EXTRACTED RECORDS >>

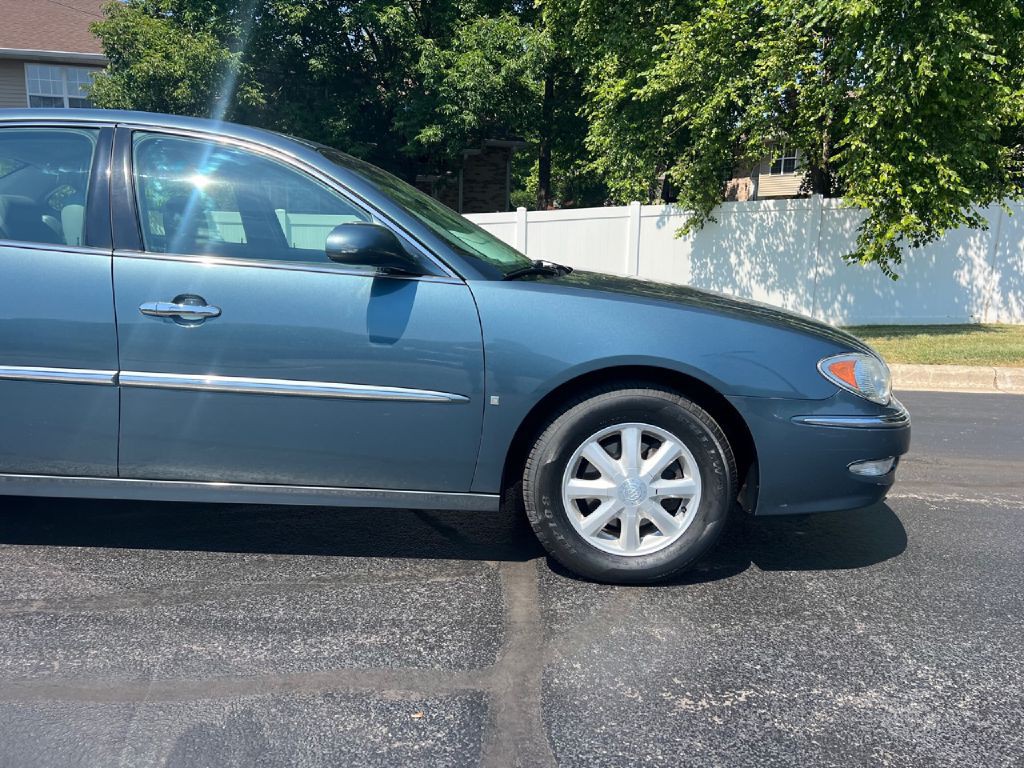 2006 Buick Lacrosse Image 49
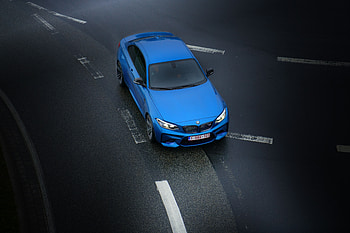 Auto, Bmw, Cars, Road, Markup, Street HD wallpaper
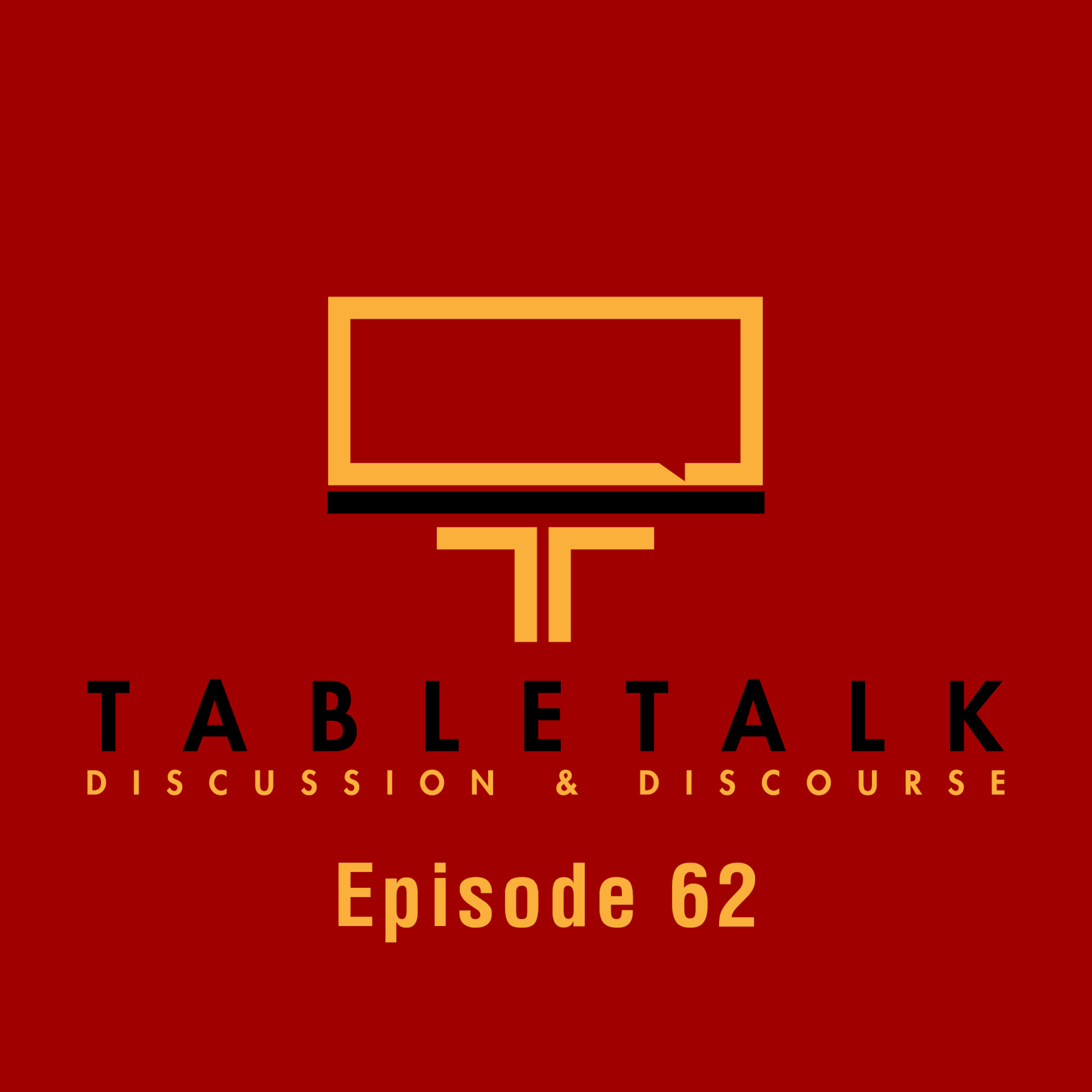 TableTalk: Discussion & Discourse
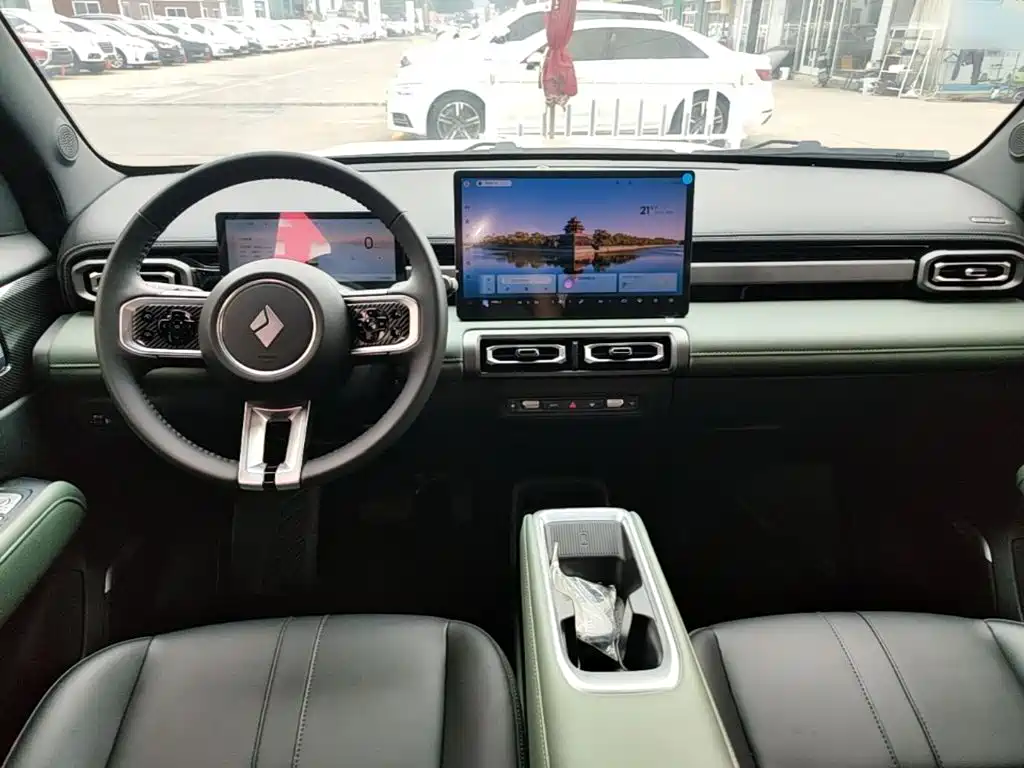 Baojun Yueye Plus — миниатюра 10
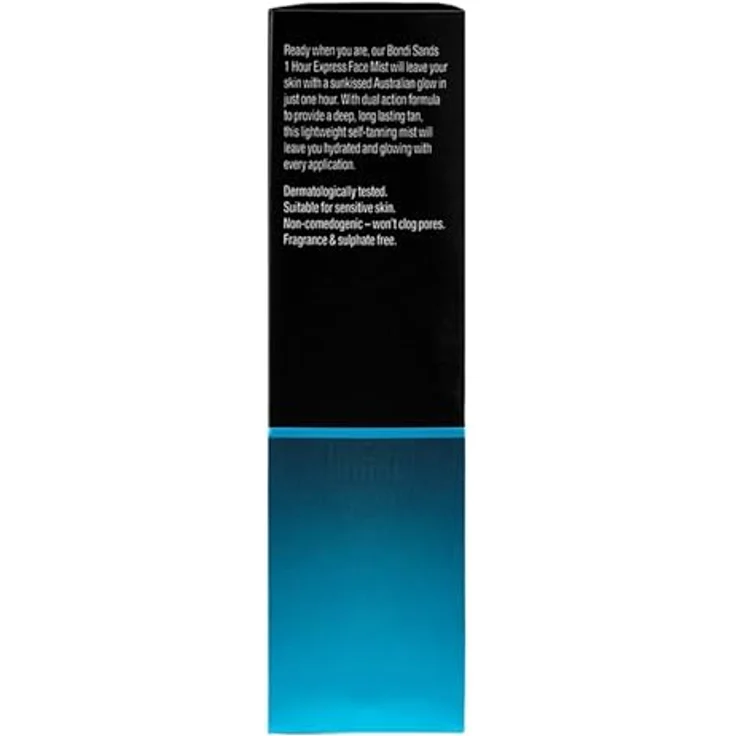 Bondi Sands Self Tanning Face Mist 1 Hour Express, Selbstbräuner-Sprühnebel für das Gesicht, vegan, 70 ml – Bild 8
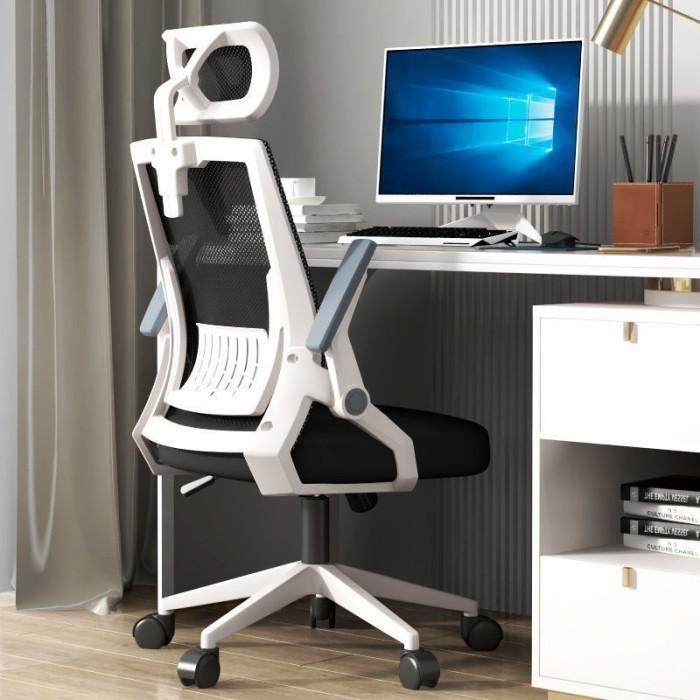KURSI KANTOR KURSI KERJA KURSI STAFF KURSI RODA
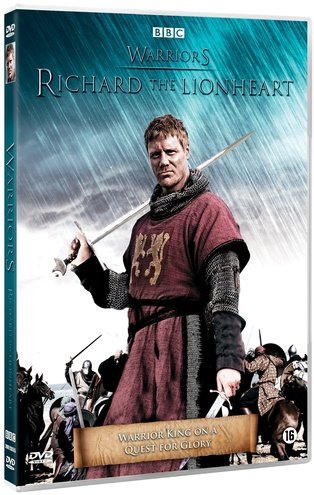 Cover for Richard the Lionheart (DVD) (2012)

PROMPT >>
Send back the listing exactly as it stands. Do not include the pictures.

EXERCISE RESULT >>
 2006 Buick Lacrosse Image 49
 Auto, Bmw, Cars, Road, Markup, Street HD wallpaper
 TableTalk: Discussion & Discourse
 Baojun Yueye Plus — миниатюра 10
 Bondi Sands Self Tanning Face Mist 1 Hour Express, Selbstbräuner-Sprühnebel für das Gesicht, vegan, 70 ml – Bild 8
KURSI KANTOR KURSI KERJA KURSI STAFF KURSI RODA
 Cover for Richard the Lionheart (DVD) (2012)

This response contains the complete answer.